I’ve been taking some serious grief from others in the federal budgeting community because of my now months-old prediction that a government shutdown was on the horizon, so I have to admit that it’s been a little gratifying to see much of the rest of the budget world moving toward that same conclusion this week. As this story by Alexander Bolton from yesterday’s The Hill shows, budgeting luminaries (and good friends) from both sides of the aisle such as Republican Bill Hoagland and Democrat Scott Lilly now seem to be coming to the same conclusion that I reached a while ago: A government shutdown, which up to about a year ago would have been considered a crazy idea given the experience with the last two in 1995 and 1995, is a real possibility.
But while gratifying, Bill’s and Scott’s quotes are actually less instructive than the one from Linda Bilmes, who teaches budgeting at the Kennedy School of Government at Harvard and led a discussion on the budget during the orientation for newly-elected members of Congress late last year (Full disclosure: I’ve led that discussion several times over the past decade and am not at all bitter about not being invited to do it again this time). Here’s her money quote about what she observed at the orientation:
It was clear there was a group of new members who in my mind were more concerned with making statements than working with their own leadership to solve the nation’s problems,” said Bilmes. “Nothing I’ve seen in the last week changes my mind.

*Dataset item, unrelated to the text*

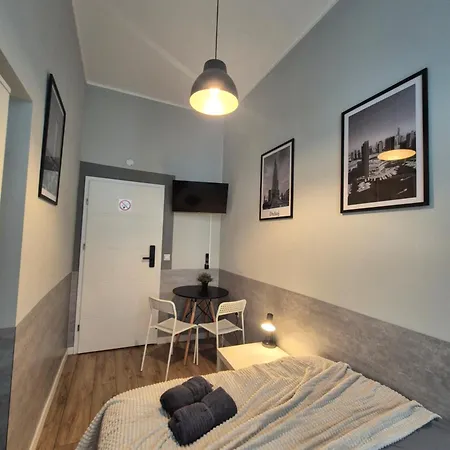 Hotel apartamentowy Five Piotrkowska 28 *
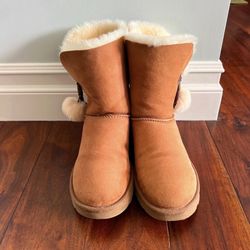Short UGG boots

This is only part of the story. As I’ve been saying for a while, the House GOP leadership may have to agree to a shutdown to show the tea party folks that they are willing to do it. They also need to show that the Republican Party will suffer real political pain from everyone but tea party supporters by shutting down the government. As Bill Hoagland implies with his quote, the inability of the House Republican leadership to temper its tea party types last week on the continuing resolution is as strong an indication as you can get that it needs additional leverage over that faction of its caucus and the likely negative political reaction to a shutdown may be the best/only way it can get it.